Scvi-tools: different DEGs when comparing same data

Hello everybody,

I am new to single cells and differential analysis, so I am sorry if this question may sound stupid. However, I used scvi-tools to perform a differential expression analysis on the same cluster but across cells affected by two different conditions. After setting the seed using scvi.settings.seed = 42, my code looks like:

    idx1 = (adata.obs['leiden'] == 0) & (adata.obs['Response'] == 'No')
    idx2 = (adata.obs['leiden'] == 0) & (adata.obs['Response'] == 'Yes')
    scvi_de_noresp_vs_resp = model.differential_expression(idx1=idx1, idx2=idx2, batch_correction=True)

Then, I focused only on genes for which is_de_fdr_0.05' is True (referred to as “significant genes” from now on) . Now, the thing is: if I redo the same analysis, on the same exact data and with the same exact seed, just inverting the order of the idxs, such as:

    idx1 = (adata.obs['leiden'] == 0) & (adata.obs['Response'] == 'Yes')
    idx2 = (adata.obs['leiden'] == 0) & (adata.obs['Response'] == 'No')
    scvi_de_resp_vs_noresp = model.differential_expression(idx1=idx1, idx2=idx2, batch_correction=True)

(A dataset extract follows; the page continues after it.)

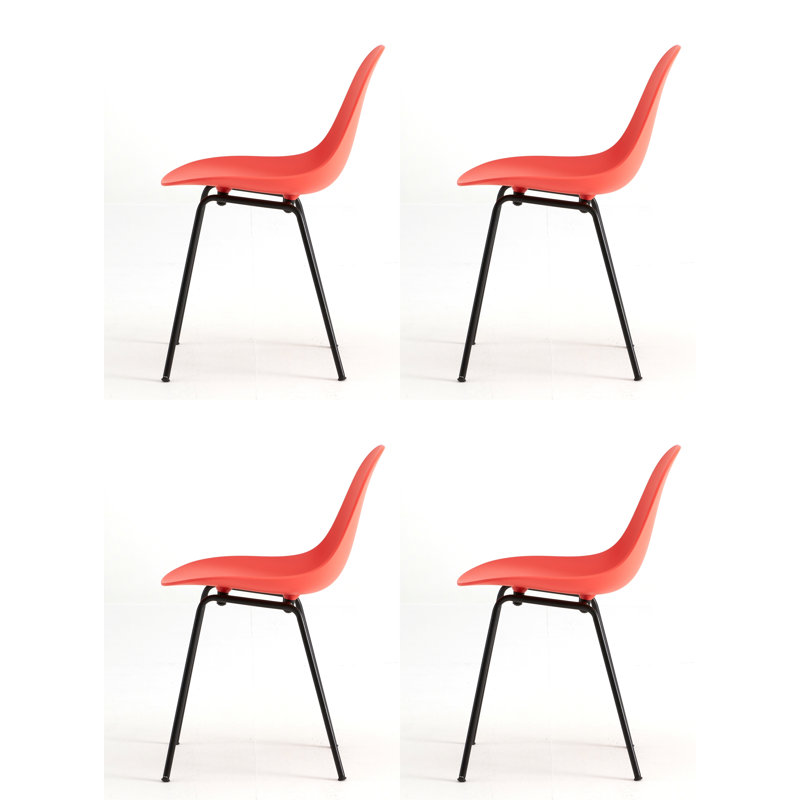 TA Side & Dining Chair (Set of 4), Red/Black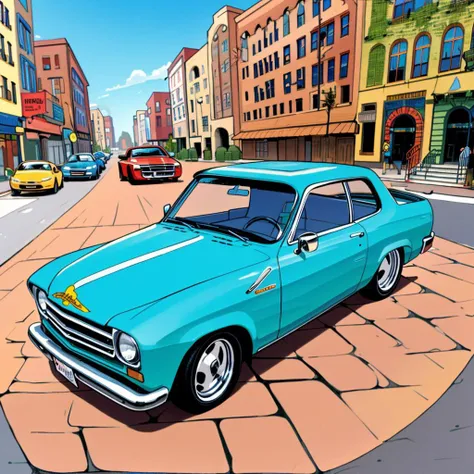 cartoon of a blue car parked on a city street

I obtain a different list of significant genes. This is a bit surprising to me, because, to my understanding, the log fold change should be simmetrical, so ideally the abs value of the log fold change should be the same, just in opposite direction…So, I would expect to find the same list of significant genes, but this is not the case (although most of the significant genes overlap between the two analysis).

Is this behaviour expected? And if yes, why?

Hi, DEG in scvi-tools are computed by random sampling from the underlying distribution. Fixing the random seed yields the same result for the same computation. However switching indices yields slightly different results (similar to another seed). Especially for very lowly expressed genes our estimates can be noisy and I would recommend manually removing them (maximum across both groups of estimated scale smaller than 1e-5 should be fine to filter).

Thank you very much for this quick answer, this is extremely helpful. So, in theory, it would be correct to expect the same results in both condition ( IImean, that the log fold change should be symmetric), right?